A corporate charity holding stock in the second business would be better off, receiving $350,000 in cash distributions. Their tax would be $153,000, ($500,000 Sub S income, less $50,000 charitable deduction, times 34%). Their supported charity would receive the net of $197,000. Here, however, the trust form produces clearly better financial results. Again, a circular formula is used to calculate tax of $100,000 and a distribution to charity of $250,000 out of the $350,000 distribution. This is the minimum possible tax rate of 20%.

All other things being equal, if the S Corporation will be distributing exactly 54% of its income, the effective tax rate will be 31% whether the charity is a corporation or a trust. The net cash available for charitable use will be about $117,000 (after tax of about $153,000). The charity's other unrelated business income or loss and the potential availability of the lower brackets will change the "break-even" point.

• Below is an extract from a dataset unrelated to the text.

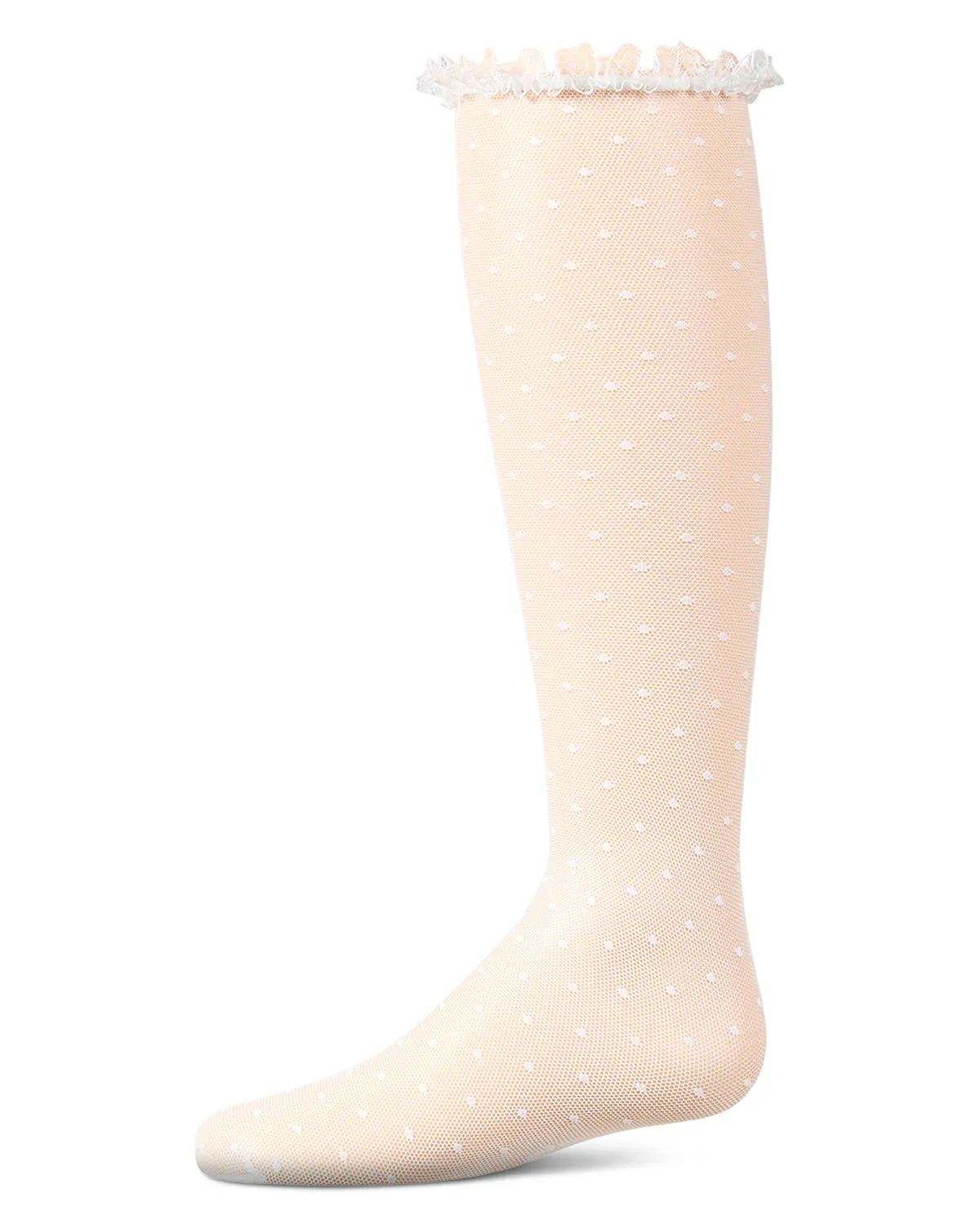 Girls Lace Trimmed Dot Mesh Knee Sock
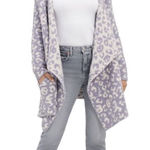 UGG Nwt  phoebe wrap cardigan gray‎ leopard print women’s size M Photo 0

A word of caution: Even if the Sub S corporation does not distribute sufficient cash to pay the tax, it is still due and must be paid from other assets or borrowings. This is the hazard of owning an interest in a pass-through entity such as an S corporation, limited liability company, or partnership interest that generates taxable income (of course, this problem is not limited to charitable organizations!).

What happens to the rest of the taxable income? After all, the shareholders, including the charity, have paid tax on more income than the cash they actually received. This undistributed income is added to the shareholder's basis in the stock. When (if) the stock is sold or redeemed by the S corporation, this additional basis will decrease the taxable gain.

In a year in which Subchapter S stock is sold, distributing cash to the supported organization can also reduce the tax. Using the same calculations as above, the tax on a sale by a corporation would be an effective 31% rate, but the trust form would produce a tax rate as low as 10% (20% capital gains rate less 50% charitable deduction). In the year of the sale, we would assume there would be sufficient cash to maximize the deduction. Obviously, there are other considerations besides tax costs when choosing between organizing as a corporation or trust.

Corporations are easier to amend than trusts. State laws may impose a higher standard of care on trust fiduciaries than on corporate officers. Some of these issues may be less important if the only function of the organization is as a supporting organization rather than an operating charity.

Summary

Taxes should never be the only consideration when negotiating with a potential donor. However, before accepting a gift of Subchapter S stock, taxes must be given serious consideration. Once the charity knows as much as possible about the company and its distribution policy and history, it can then consider the structure of the organization to hold the donation. To do otherwise is to miss the opportunity to maximize the value of the donation and minimize the tax consequences.